= Neither Wolf Nor Dog =

2016 film directed by Steven Lewis Simpson

Neither Wolf Nor Dog is a feature film from Scottish director Steven Lewis Simpson, adapted from Kent Nerburn's novel of the same name, which won a Minnesota Book Awards in 1995. The film's festival premiere was at the Edinburgh International Film Festival in 2016. Simpson released it himself directly into U.S. cinemas in 2017 and it was still in first-run cinemas in 2019, which makes it the longest first-run theatrical release in the U.S. in over a decade. Due to the success of his self-distributed release, Simpson was asked to give a TEDx Talk on his innovative distribution model. The film stars Chief Dave Bald Eagle in the lead role as a Lakota elder. He was 95 years old at the time of filming and it was his first starring role in a film.

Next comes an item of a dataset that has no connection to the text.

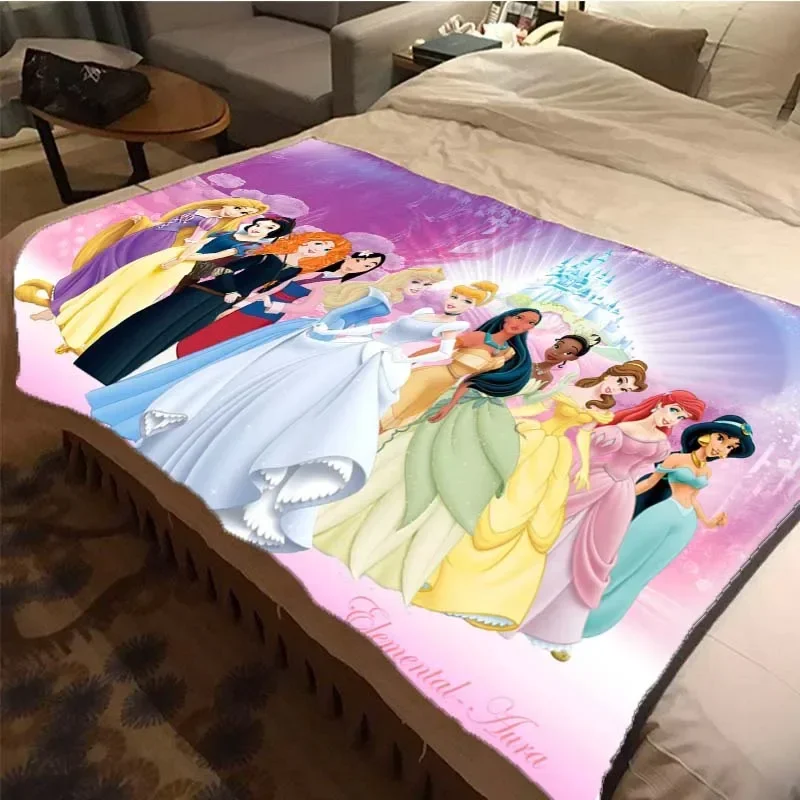thumbnail image 1 of Manta de felpa suave con dibujos de princesas de Disney, manta de franela para sala de estar, dormitorio, cama, sofá, funda de picnic, 1 of 5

The film also stars Christopher Sweeney as Nerburn, Richard Ray Whitman as Grover, Roseanne Supernault as the twins Wenonah and Danelle, Tatanka Means as Delvin, Zahn McClarnon as Billy, and Harlen Standing Bear Sr, as Jumbo.

The film was primarily shot on Pine Ridge Indian Reservation, which borders South Dakota and Nebraska, and had scenes shot in Los Angeles and Rushville, Nebraska. One scene was shot in the same remote trailer house as a scene in the acclaimed film The Rider.

The film is notable for a climactic scene shot at Wounded Knee, where the script and the novel were thrown away and Dave Bald Eagle improvised the whole scene from his heart, as his family had a closer connection to the Wounded Knee Massacre of 1890 than even the character he was playing. At the end of filming the scene, he turned to Christopher Sweeney, who was acting opposite him, and said, "I've been holding that in for 95 years". Dave Bald Eagle saw the film before he died and he said, "It's the only film I've been in about my people that told the truth."

On Rotten Tomatoes, the film has an approval rating of 82% based on reviews from 17 critics.

Simpson has also self-distributed the film into other markets, including Canada, the United Kingdom, and Bulgaria so far.

Box Office magazine profiled for the cinema industry in the US the success of the film's innovative release strategy.